* _YOUR TASK_: Please return only the lines from the one holding "Load image into" through the one holding "curea camel cu catarama aurie 3.5 cm", exactly as they appear in the records below, both ends included.

[Opening PROVIDED RECORDS section]

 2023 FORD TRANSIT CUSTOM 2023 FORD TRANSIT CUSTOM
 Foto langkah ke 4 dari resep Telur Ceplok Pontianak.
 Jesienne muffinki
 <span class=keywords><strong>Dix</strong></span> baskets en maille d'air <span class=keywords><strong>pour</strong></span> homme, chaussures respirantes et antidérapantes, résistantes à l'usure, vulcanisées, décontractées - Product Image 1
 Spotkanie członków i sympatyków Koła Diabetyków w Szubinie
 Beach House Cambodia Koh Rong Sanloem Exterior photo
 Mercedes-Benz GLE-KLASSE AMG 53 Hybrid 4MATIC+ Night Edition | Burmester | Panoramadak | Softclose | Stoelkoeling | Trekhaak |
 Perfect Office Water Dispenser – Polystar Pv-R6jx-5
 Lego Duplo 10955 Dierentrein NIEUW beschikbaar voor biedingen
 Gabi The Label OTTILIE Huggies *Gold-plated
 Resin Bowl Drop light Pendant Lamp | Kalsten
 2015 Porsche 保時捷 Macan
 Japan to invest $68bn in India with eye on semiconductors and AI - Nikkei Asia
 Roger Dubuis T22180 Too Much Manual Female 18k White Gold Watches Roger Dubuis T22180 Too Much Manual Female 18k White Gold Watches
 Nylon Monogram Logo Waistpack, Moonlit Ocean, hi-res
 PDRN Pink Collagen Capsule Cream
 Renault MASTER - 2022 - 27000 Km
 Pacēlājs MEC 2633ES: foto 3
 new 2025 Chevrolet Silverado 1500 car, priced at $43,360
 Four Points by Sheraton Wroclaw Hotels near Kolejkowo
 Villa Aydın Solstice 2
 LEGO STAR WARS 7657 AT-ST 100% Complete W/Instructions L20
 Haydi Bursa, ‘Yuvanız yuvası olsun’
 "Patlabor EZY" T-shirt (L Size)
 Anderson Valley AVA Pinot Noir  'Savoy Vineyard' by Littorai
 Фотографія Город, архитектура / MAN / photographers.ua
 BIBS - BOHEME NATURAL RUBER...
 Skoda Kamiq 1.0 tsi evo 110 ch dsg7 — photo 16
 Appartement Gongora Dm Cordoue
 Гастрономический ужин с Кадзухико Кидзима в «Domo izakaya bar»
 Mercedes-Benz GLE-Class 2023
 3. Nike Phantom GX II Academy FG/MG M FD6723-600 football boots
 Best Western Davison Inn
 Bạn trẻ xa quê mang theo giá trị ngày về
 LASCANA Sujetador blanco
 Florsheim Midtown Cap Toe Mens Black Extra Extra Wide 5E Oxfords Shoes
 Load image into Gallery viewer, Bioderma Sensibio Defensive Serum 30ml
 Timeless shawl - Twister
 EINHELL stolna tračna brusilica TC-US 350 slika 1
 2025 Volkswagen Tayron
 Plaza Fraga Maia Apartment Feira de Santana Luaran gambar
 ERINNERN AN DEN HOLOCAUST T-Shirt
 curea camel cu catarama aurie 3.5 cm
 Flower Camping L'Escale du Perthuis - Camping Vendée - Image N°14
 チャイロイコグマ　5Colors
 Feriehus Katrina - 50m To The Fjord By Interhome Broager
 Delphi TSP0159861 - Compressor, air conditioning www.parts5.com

[Closing PROVIDED RECORDS section]

* _RESULT_:
 Load image into Gallery viewer, Bioderma Sensibio Defensive Serum 30ml
 Timeless shawl - Twister
 EINHELL stolna tračna brusilica TC-US 350 slika 1
 2025 Volkswagen Tayron
 Plaza Fraga Maia Apartment Feira de Santana Luaran gambar
 ERINNERN AN DEN HOLOCAUST T-Shirt
 curea camel cu catarama aurie 3.5 cm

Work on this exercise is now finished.